SKC credits "team effort" for defensive success this season
Through their first 16 seasons, two home-stadium moves and a pair of name changes, the club now known as Sporting Kansas City managed to hold opponents without a shot on goal three times.
They've already matched that number this season alone, most recently in last weekend's 1-1 home draw against New York, in which the Red Bulls' score came on an own goal by Sporting KC's Kei Kamara.
The other two occasions came in 1-0 victories over Chivas USA on April 1 and the LA Galaxy on April 7, part of a team-record 335-minute streak of not allowing a shot on frame.

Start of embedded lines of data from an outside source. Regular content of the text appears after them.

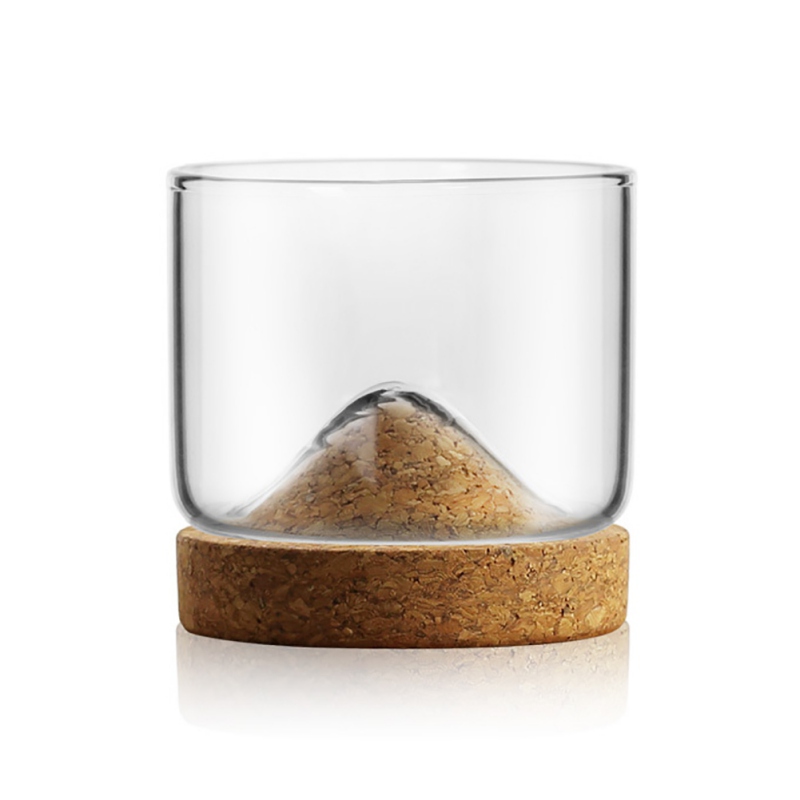 Hjemmekøkken whiskyglas bjerg træbund vin gennemsigtig glaskop til whiskyvin vodka til barklub: C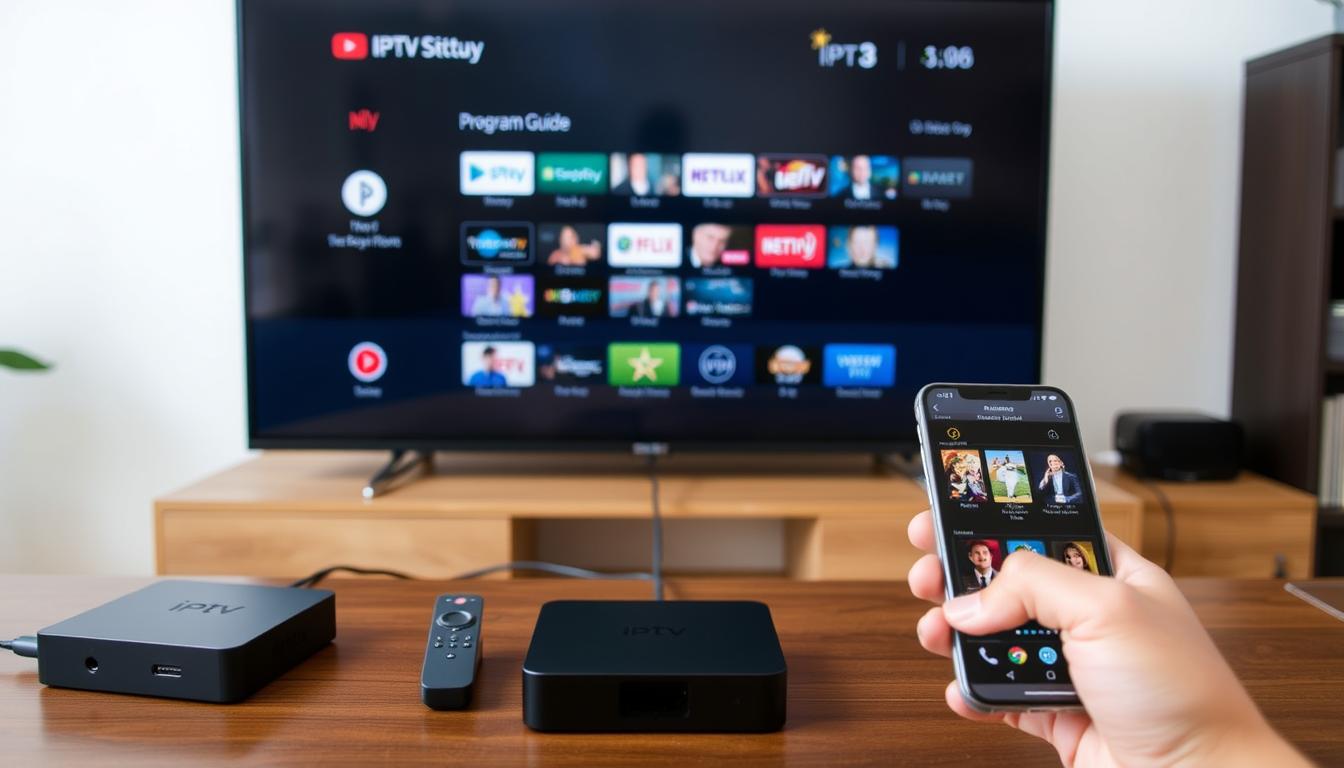 Setup showing IPTV equipment including streaming device, remote, and TV displaying channel guide
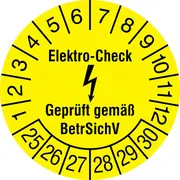 Prüfplakette »Elektro-​Check - Geprüft gemäß BetrSichV« 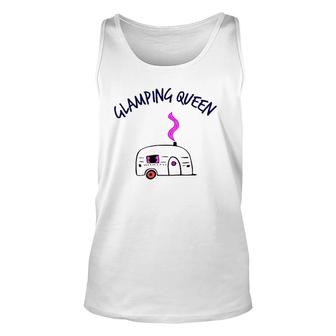 Camping And Glamping Tees Glamping Queen Happy Glamper Tee Unisex Tank Top | Mazezy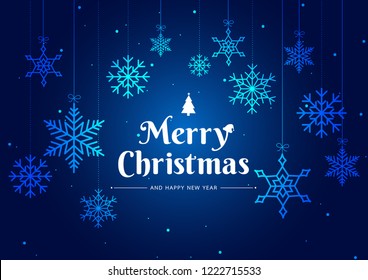Snowflake on blue background for Merry Christmas and Happy New Year. Welcome winter  with falling snow. Vector illustration 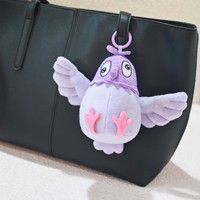 Porte-clés en peluche Kawaii personnalisé en forme d'oiseau, pendentif animal en peluche doux, figurine de pigeon personnalisée, porte-clés en plastique pour sac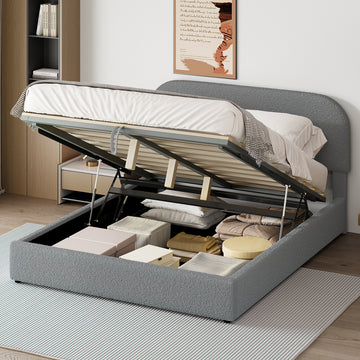 Teddy Fleece Queen Size Upholstered Platform Bed With Hydraulic Storage System, Gray Queen Gray Teddy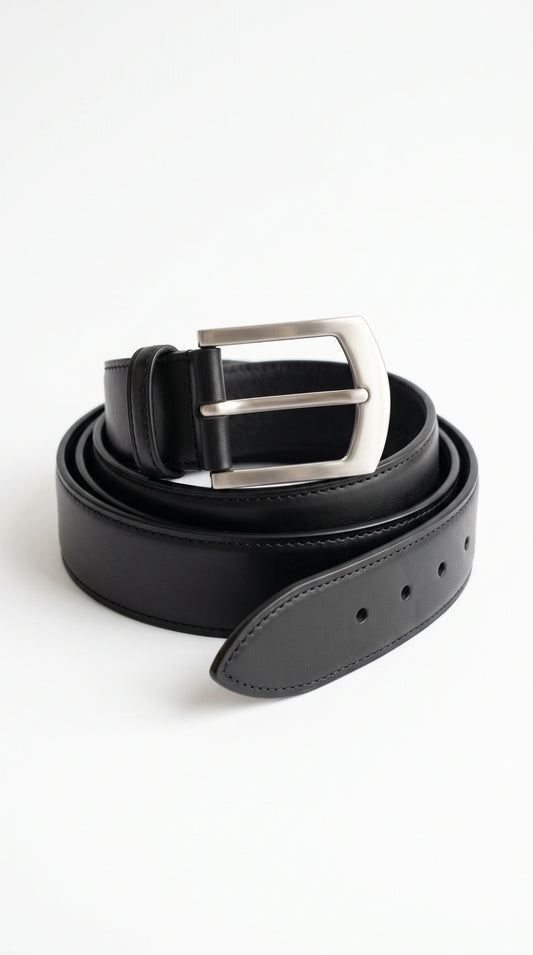 The Noir Harrogate black formal belt by Christopher Noir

But while the backline is proud of this year‘s accomplishments, Sporting Kansas City's defenders don't claim all of the credit for them.
"A lot of it's luck, to be honest with you," center back Matt Besler told MLSsoccer.com after Wednesday's training session. "Some of it's good defense, but it all comes down to luck, really. We still allowed three shots [against New York]. The shots just weren't on target. Looking back at the LA game, they had one or two breakaways where they just hit it wide. That doesn't count as a shot on goal, but it was still a chance for them."
And when they do acknowledge the team's hard-nosed defensive work, Sporting KC's defenders deflect a good deal of the praise further forward on the field.
"That game against New York, everybody was dialed in and our pressure when they were on the ball was unbelievable," Sinovic said. "Maybe a few times they strung some passes together, but the midfielders and the forwards were really putting the pressure on early and making it easy on the back four."
That just comes with the territory in Sporting KC's high-pressure 4-3-3 setup, center forward C.J. Sapong said.
"We still have a young group up top," he said during Wednesday's news conference. "Speaking for myself, it was a little tough recognizing certain situations. Sometimes teams come with different mentalities and different strategies, and it's important to be able to think on your feet and be able to switch up your defensive style. I think we've done a really, really good job of that."
So does Manager Peter Vermes.
"I think our defense is really solid, but I think it's solid because of the pressure that starts from the top," Vermes said. "When those guys are putting the pressure on up top, it makes the game predictable for the guys behind. I'm not minimizing their contribution, but it's a team effort in the way we defend."